# IR Illuminators and PEQ/PAQ devices



## The91Bravo (Jan 12, 2008)

Ok folks,

What is your pleasure?

I used the PAQ4 back in the day, and it is the only device I have experience with.  I thought it was an awesome tool for identifying what you were gonna shoot at, and so assist all other members of the squad from killing the same target. (training that is)

What have you all used?  What do you prefer?

Are there any civilian products that you would recommend?

I have access to a set of PVS 7B, and would like to someday acquire a PAQ type device or a good illuminator.

Thanks for your input folks.

Steve


----------



## phridum (Jan 13, 2008)

If you're looking for top of the line gear, you could look for the TALON or ATTILA device which show's next-gen promise. Pg 283 of the Diamondback Tactical .pdf catalog has them (and PEQ2's on pg 282) but no price listed for either, and the nice ones are apparently for acronym's only. You'd likely have to finagle a cross deal if you have a buddy that's in such an agency.

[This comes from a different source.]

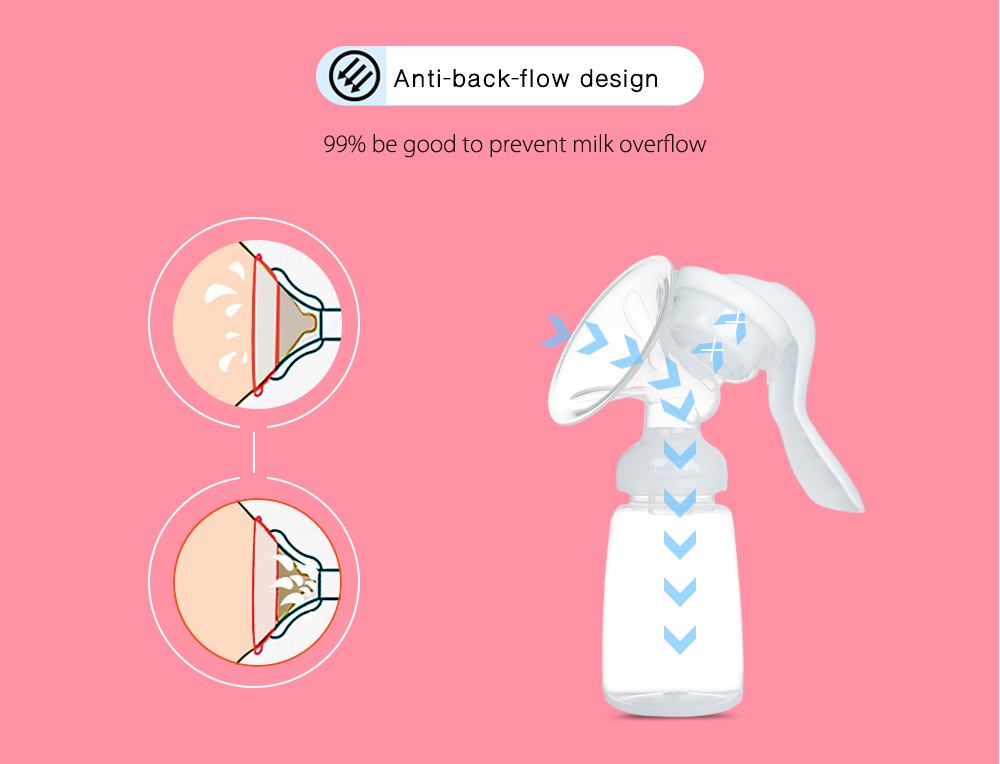 RealBubee Manual Breast Pump BPA Free Baby Breastfeeding Milk Bottle RealBubee Manual Breast Pump BPA Free Baby Breastfeeding Milk Bottle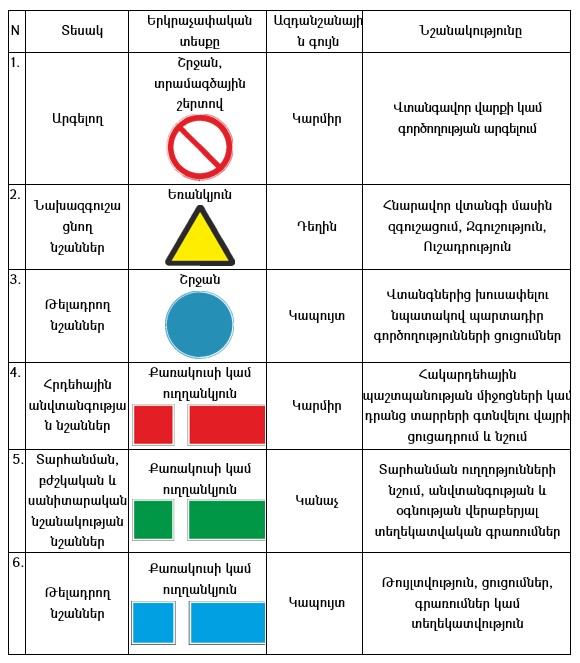 Ներմուծեք նկարագրությունը_24017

I think most people around this community have little experience with items in that department that are un-issued. There isn't little use for such a thing, outside official use and militias. My personal experience with the PEQ family has left me desiring more. Due to their design and unbending nature of a laser beam, they only intersect the line of departure at one specific point. This is a gimmee and will be the case with any laser, however because they are offset to a corner of the bore rather than directly above or next to, calculating hits any distance is tricky, at for me, and especially so under pressure. We mostly used them for talking pilots or somesuch onto targets. Bad guys can get NVD's too so we illuminated and announced our position as little as possible.

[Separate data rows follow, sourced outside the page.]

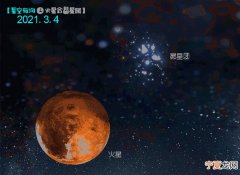 2021年3月4日火星合昴星团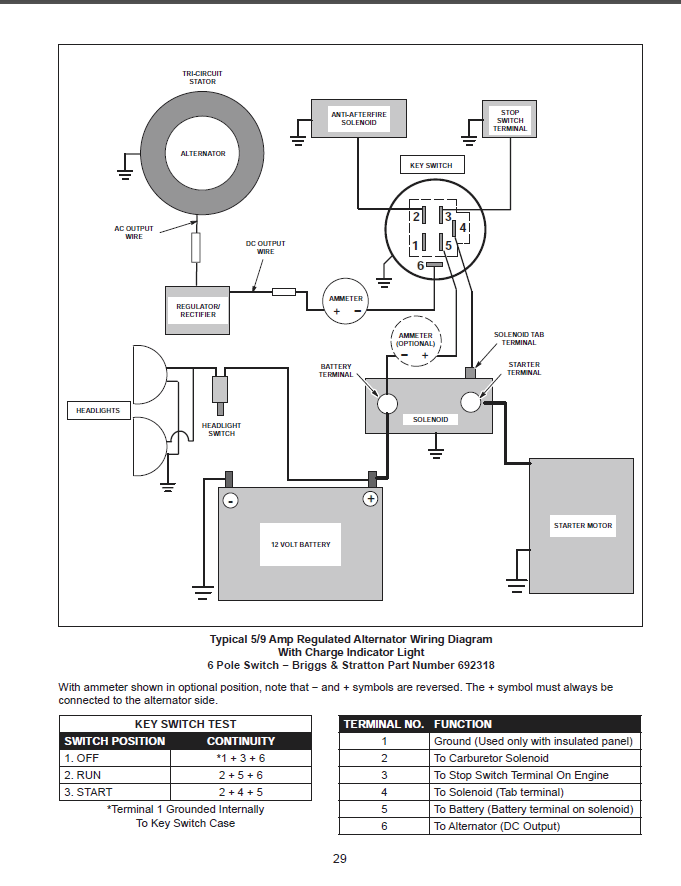 Briggs And Stratton Vanguard 14 Hp V Twin Wiring Diagram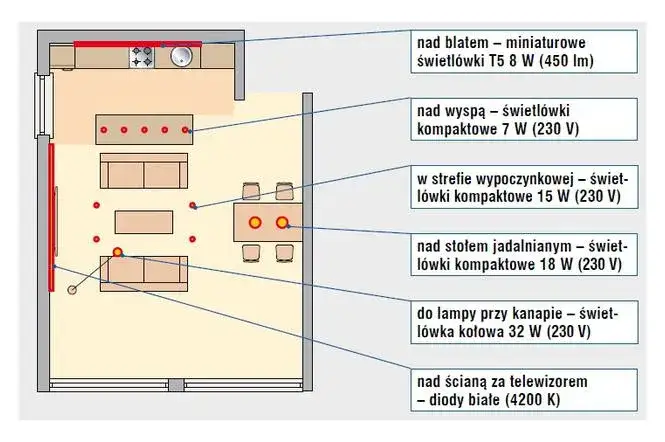 schemat oświetlenia warstwowego w salonie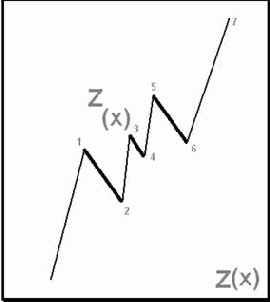 ������ Z(x)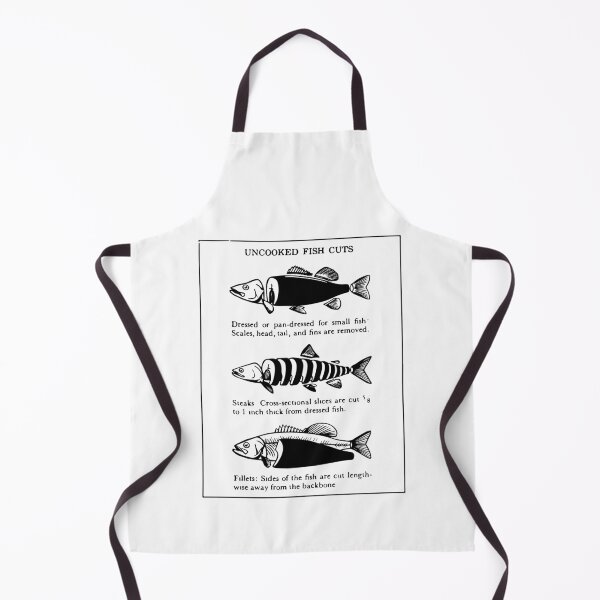 Item preview, Fish filet cuts vintage poster designed and sold by cangurojoe.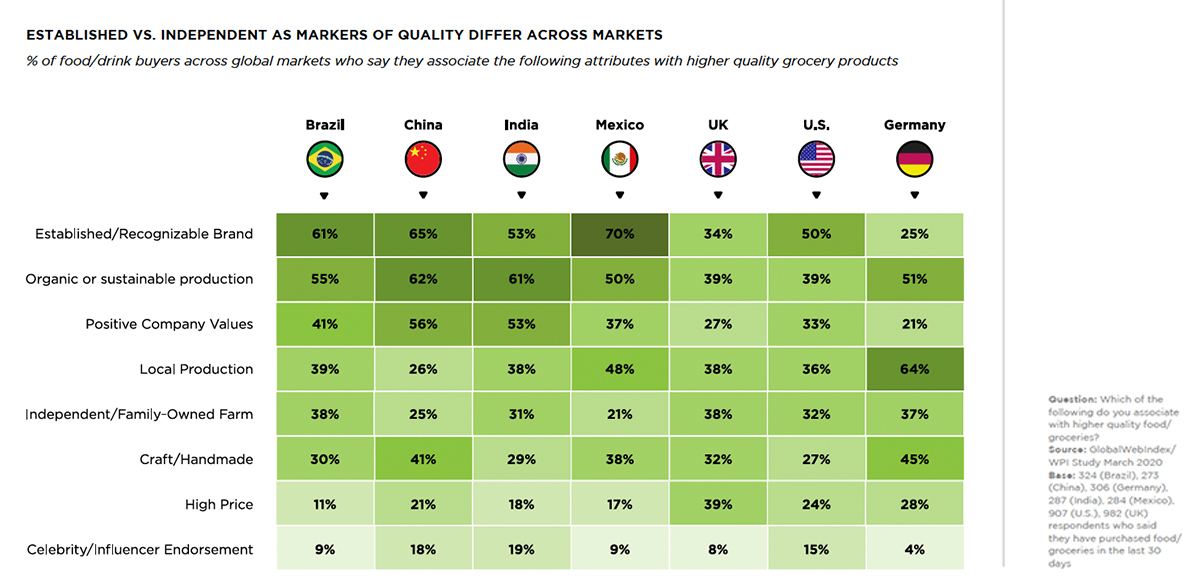 PerceptionsofValue.jpg#asset:14104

There is this little deal that might be worth it, as long as you aren't putting your life on the line with this gear. That's when buying the outrageously priced is worth it...
http://www.kalinkaoptics.com/detail.aspx?ID=234

Here is an interesting option. I am unclear on whether the pointer is an infrared beam or if it's just visible to the NVD because it's a light...my porch light is visible to NVD's too...
http://cgi.benl.ebay.be/NEW-Yukon-N...0970QQcmdZViewItemQQisPrinterFriendlyZ1QQpvZ1


----------



## The91Bravo (Jan 13, 2008)

For civilian use, this is actually an affordable item. (both of them)

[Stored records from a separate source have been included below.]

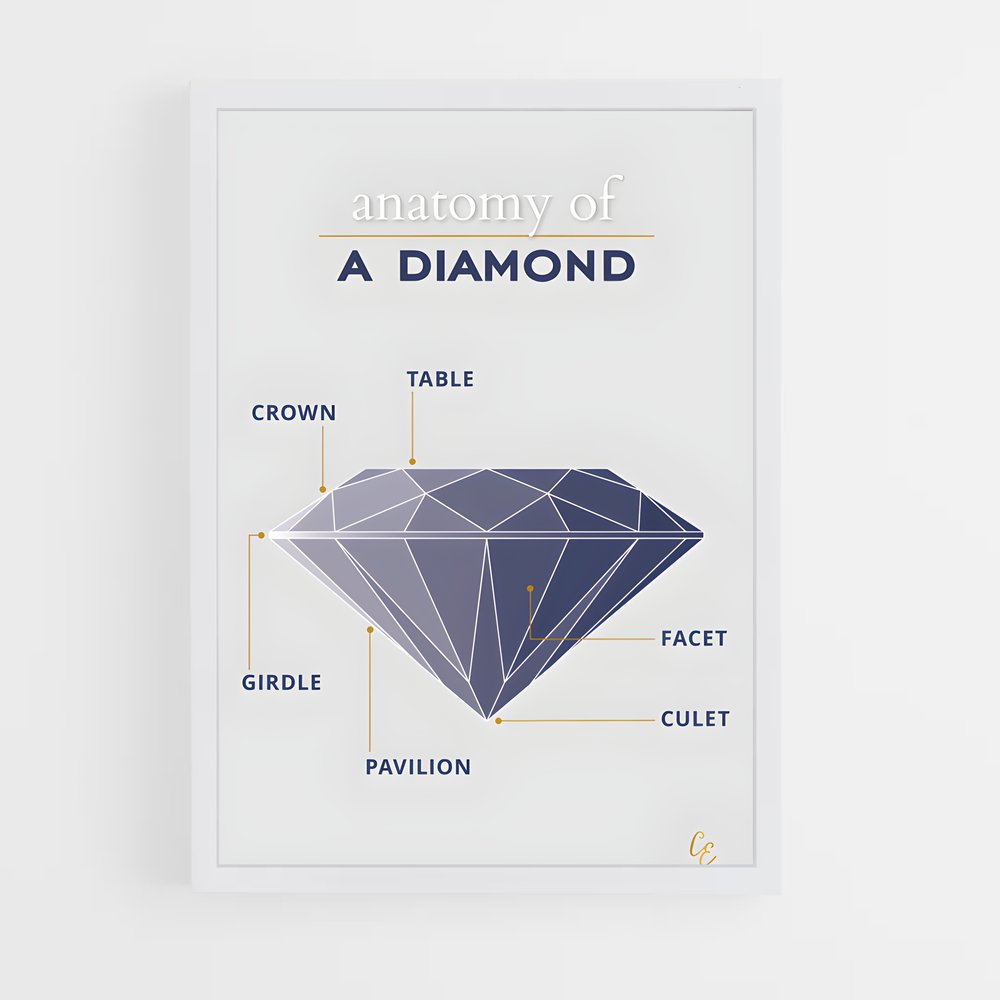 ap-diamond-1 cadre Blanc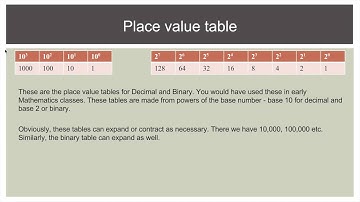 12 SDD - Option 2 - Binary - Decimal Conversions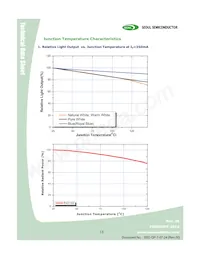 B42180-07 데이터 시트 페이지 15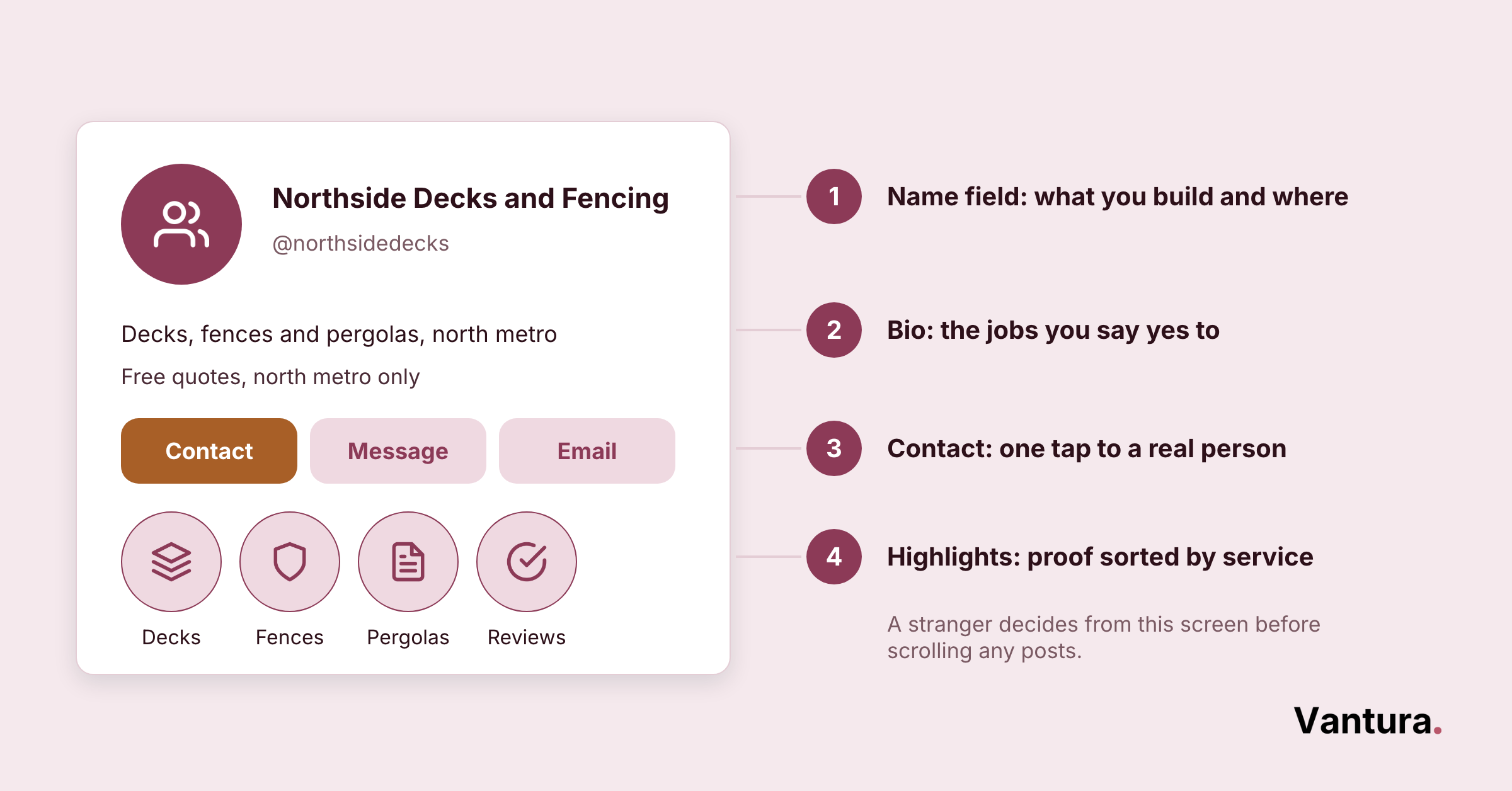 Instagram profile mockup for Northside Decks and Fencing with 4 numbered callouts: name field, bio, contact buttons, highlights row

Thanks for the links and input.

Now I just have to acquire the NODs from my brother, without him knowing.... 

Thanks again,
Steve


----------



## phridum (Jan 13, 2008)

Since you were interested, and it IS relatively affordable (as far as NVD's are concerned), I dug a little deeper and found those ebay items at opticsplanet.com and/or nightvisionsales.com

http://www.opticsplanet.net/yukn-ac-nvmt-rifle-convkit.html
and
http://www.opticsplanet.net/yukon-4x50-nvmt.html

Seems like not too bad a set up. Since you just want the laser though, you don't need the whole kit.

This is just a infrared flashlight
http://www.opticsplanet.net/yukn-ac-ir-flashlight.html

Except for the aforementioned rifle kit, I can't find the laser pointer sold separately. If I was putting that on my M4...I'd have to pay attention to whether that silly laser is going to point right at the back of my fixed front sight...


----------



## 8'Duece (Jan 13, 2008)

I have a PVS/14 mounted on a LaRue PVS mount behind my Aimpoint. It's Gen 4 but I want a PEQ IR pointer to advance my tech. What say you ???


----------



## phridum (Jan 13, 2008)

Is this on an M4? That's a pretty sweet deal you got there. Not unlike what I'd like to eventually have. But I'm going to have a wedding to pay for soon (and then a wife to convince, so I'll just probably be content with what I have).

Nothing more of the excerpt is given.